[Opening Exercise input section]

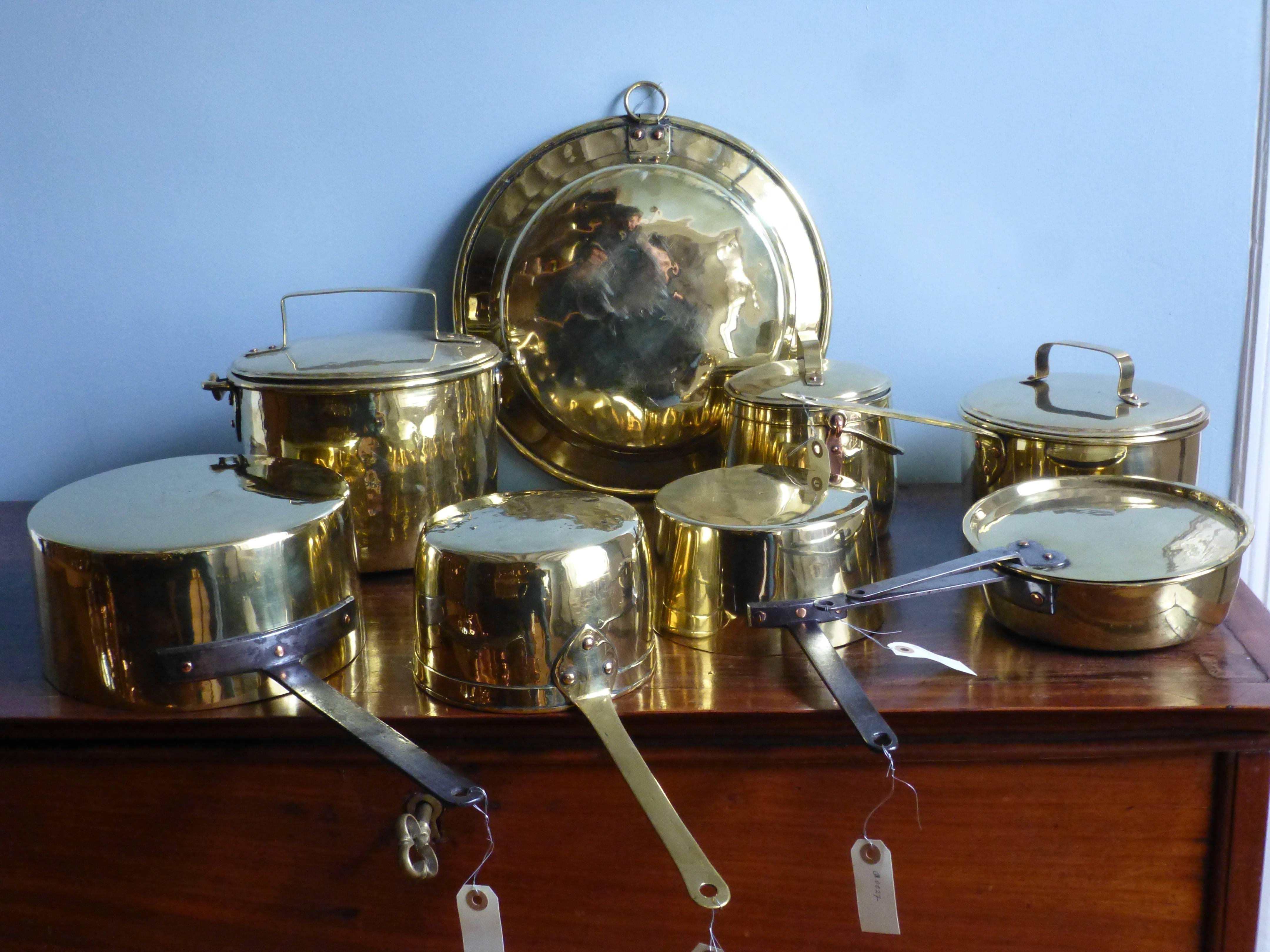 Beautiful set of decorative polished brass cooking pots consisting of two stock pots with lids, three sauce pans, a baking pan and one 18th century sauce pan with lid.
     
   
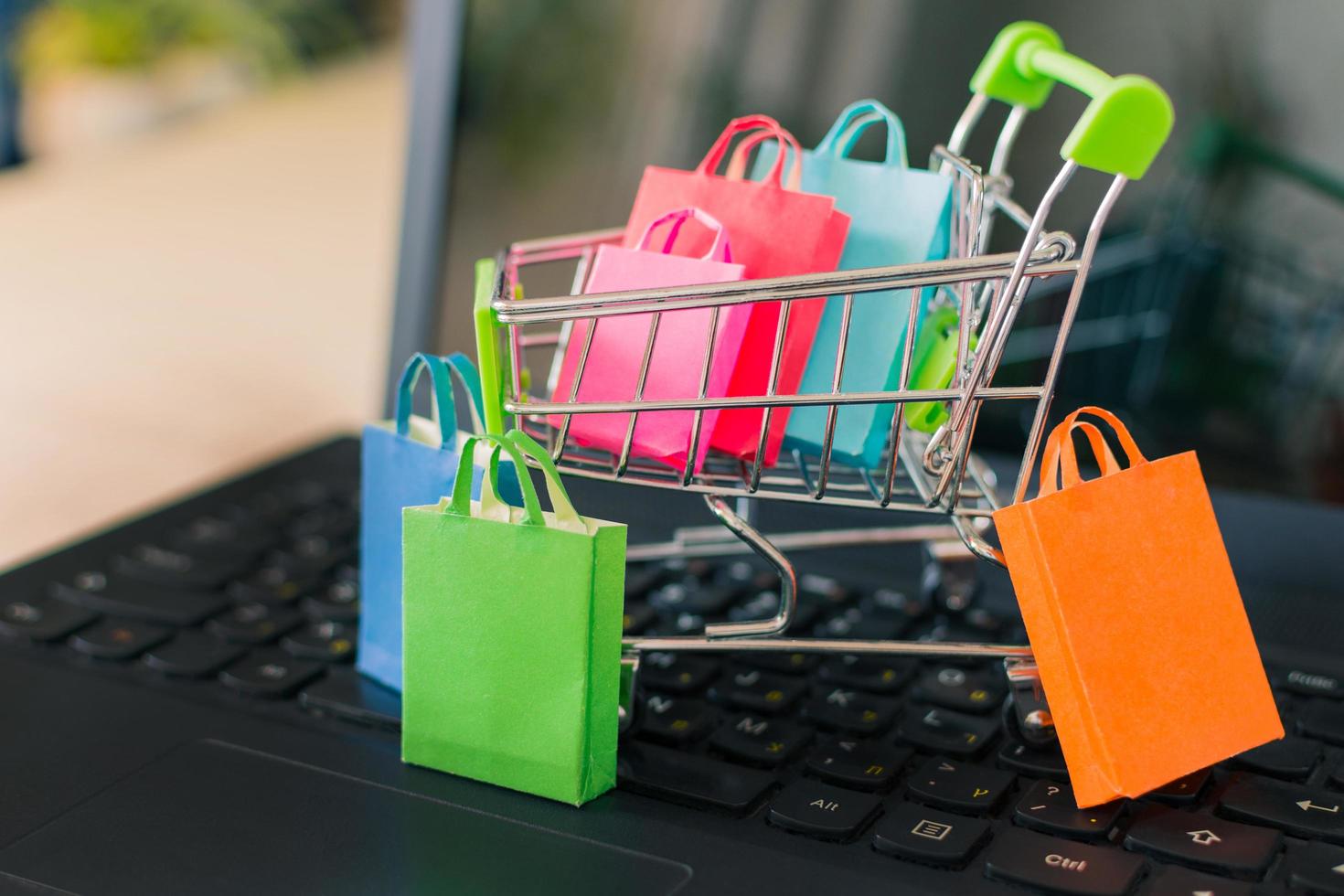 sacolas de papel coloridas no carrinho de compras em um teclado de computador portátil. compras online de sites através do conceito de internet. foto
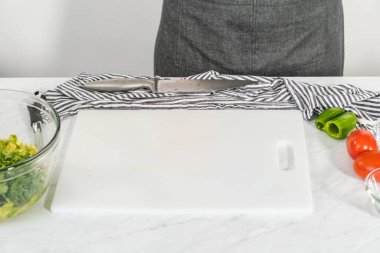 Klasik guacamole sosu yapmak için beyaz kesim tahtasındaki malzemeleri kesiyorum..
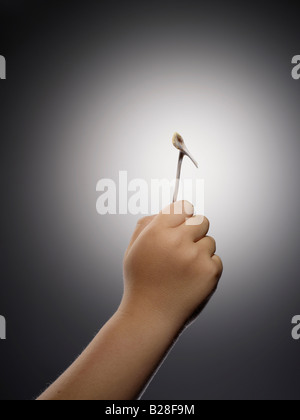 Ein Kind Hand hält eine gewinnende Querlenker Stockfoto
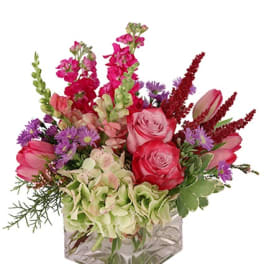 Low pink and purple mixed flower arrangement with hydrangea in a clear glass cube vase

[Closing Exercise input section]

Would you transcribe all of the data exactly, apart from its pictures?

 Beautiful set of decorative polished brass cooking pots consisting of two stock pots with lids, three sauce pans, a baking pan and one 18th century sauce pan with lid.
     
   
 sacolas de papel coloridas no carrinho de compras em um teclado de computador portátil. compras online de sites através do conceito de internet. foto
 Klasik guacamole sosu yapmak için beyaz kesim tahtasındaki malzemeleri kesiyorum..
 Ein Kind Hand hält eine gewinnende Querlenker Stockfoto
 Low pink and purple mixed flower arrangement with hydrangea in a clear glass cube vase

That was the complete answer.